It was the worst rating for Aso since the LDP tapped him for the post last September in hopes he could lead them to victory in an election for parliament's lower house, and the worst for any Japanese premier since the 9 percent logged by Yoshiro Mori in February 2001, Asahi said. Mori resigned within months.
A survey by Kyodo news agency published on Monday put support for the cabinet at 18.1 percent, down 1.1 points from the previous month.
Aso has been pondering when to hold an election, possibly in May after the enactment of the state budget for 2009/10 from April 1, but analysts have said his sagging support rates would make calling an early poll tough.
Aso, 68, is Japan's third prime minister since the last general election in 2005. His two predecessors resigned after seeing their support slide in the face of a political stalemate born of a divided parliament, where an emboldened opposition controls the upper chamber and can delay bills and stymy policies.
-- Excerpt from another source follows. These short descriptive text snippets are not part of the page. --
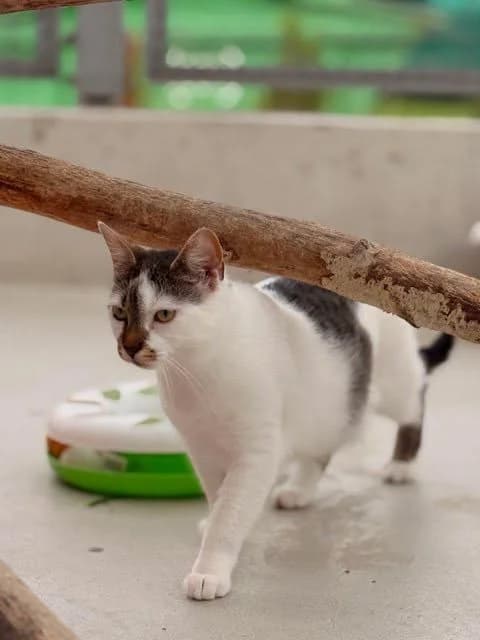 Tola,  Mixed Breed for adoption at Schronisko dla Zwierząt Koszalin, Koszalin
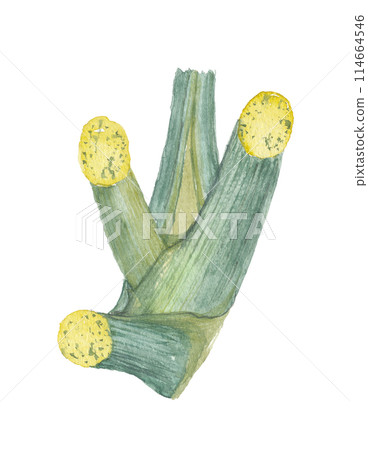 Watercolor painted stem of angelica tree 114664546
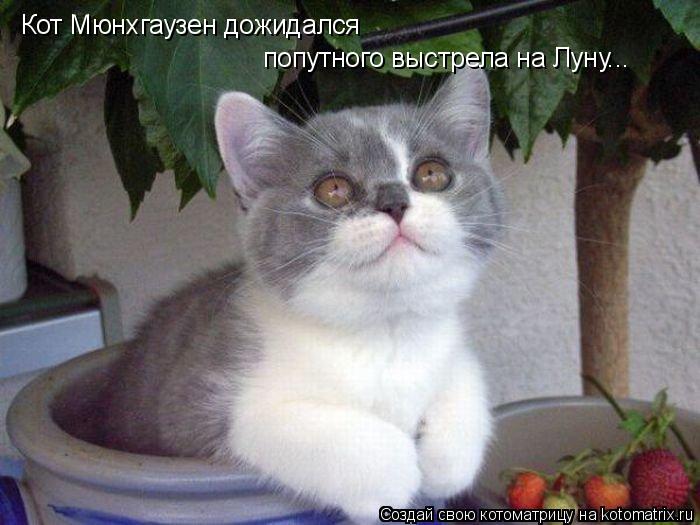 Котоматрица: Кот Мюнхгаузен дожидался  попутного выстрела на Луну...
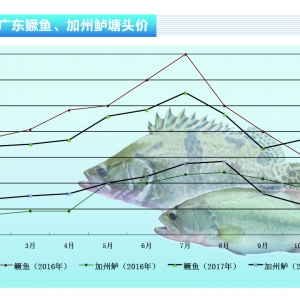 �Z�~����ʡ��ͬ�̶��µ��V�|�������ϡ���ˮ�aǰ�ء�2017��12�¿��Ј�څ��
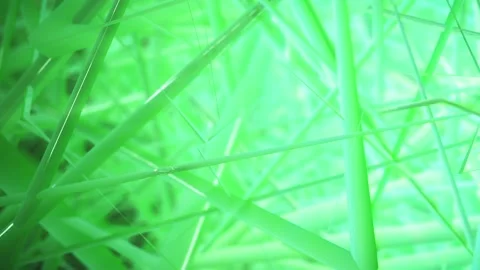 Abstract Line 01 스톡 동영상 173436497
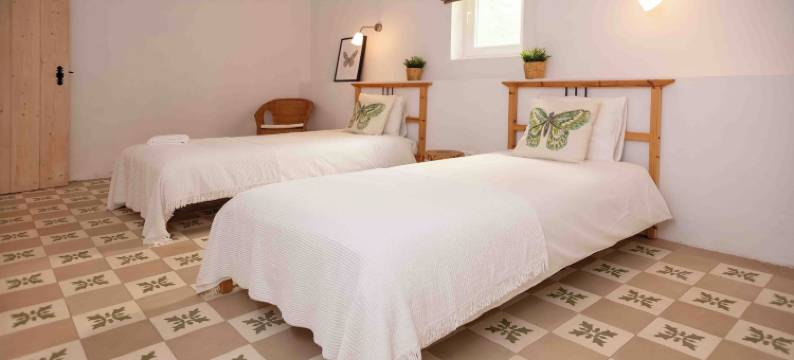 蒙特达斯奥利维拉斯(Monte Das Oliveiras)图片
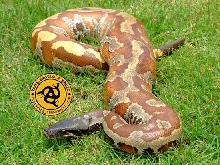 my BP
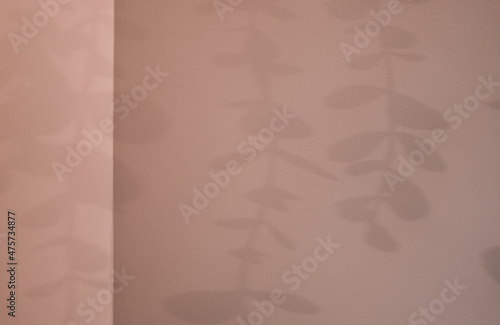 Creative copyspace with shadows of 
leaf on a soft pink wall. Top view of leaves shades on the light pastel background. Flat lay style. Minimal summer concept with flower shades.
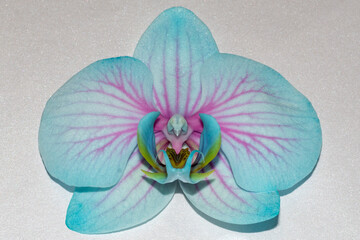 Fiore di Orchidea rosa e azzurra in primo piano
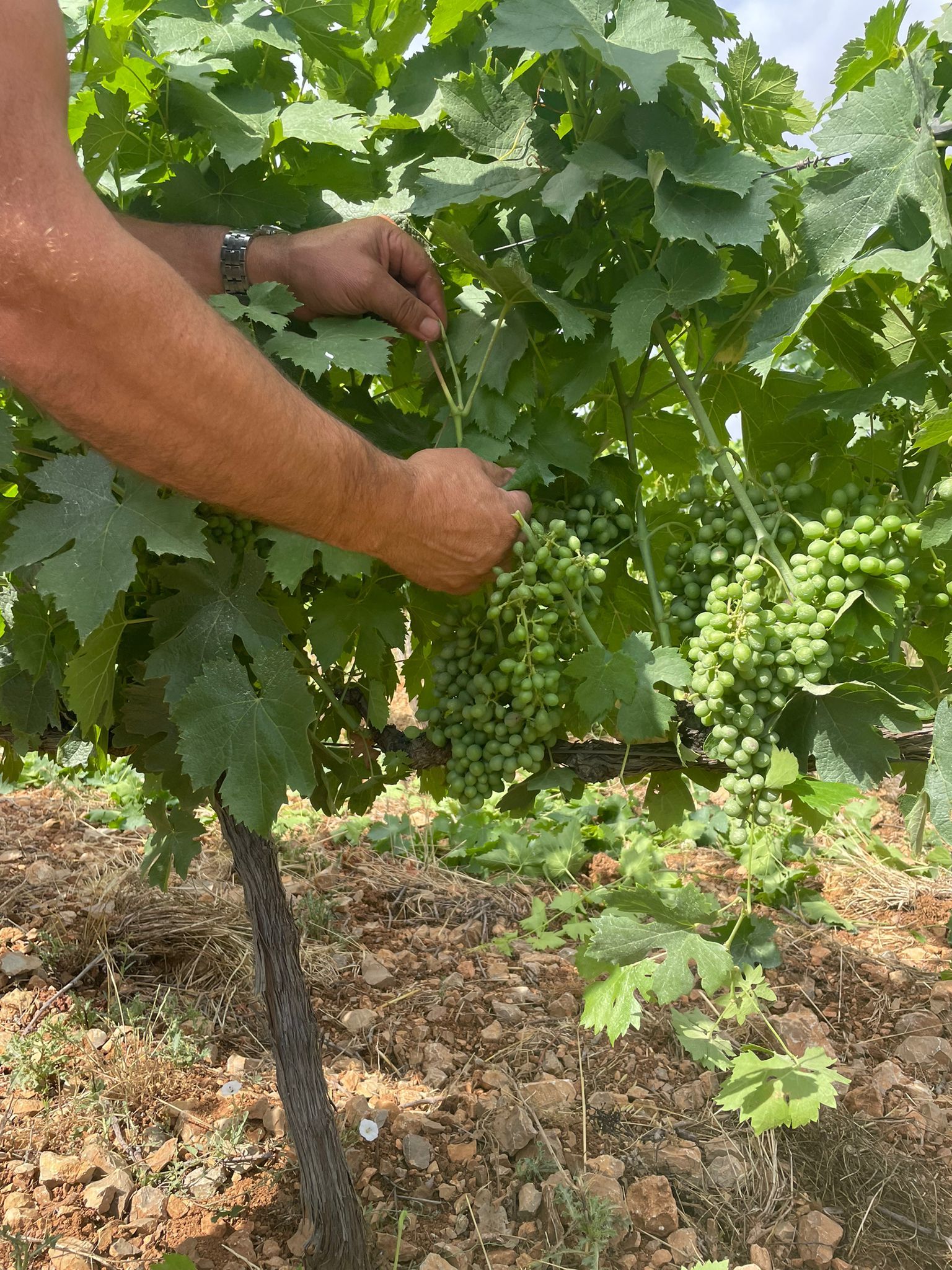 Here Comes Summer! - Chateau La Mascaronne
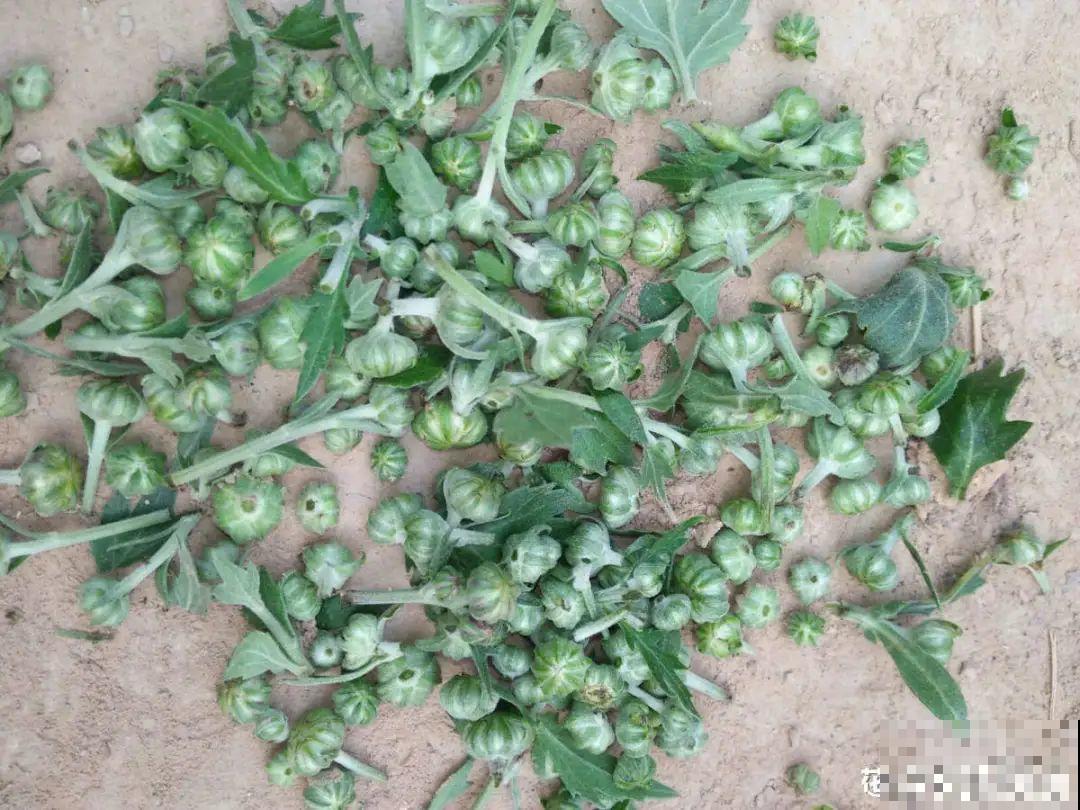 蟹爪兰冒了100个花苞，被她剪了70个，心疼！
Aso's woes have not been helped by the economy, which probably shrank 3.1 percent in the last three months of 2008, or an annualised 11.7 percent, a Reuters poll showed, as shock waves from the global financial crisis ripped through export-driven Japan.
Economics Minister Kaoru Yosano said on Sunday that Tokyo may need to consider spending more to support the economy besides an already planned stimulus programme.
But Japanese government debt is running at about 150 percent of gross domestic product, while parliament is now debating the government's 88.5 trillion yen ($967.4 billion) budget for the fiscal year starting in April, the nation's biggest ever.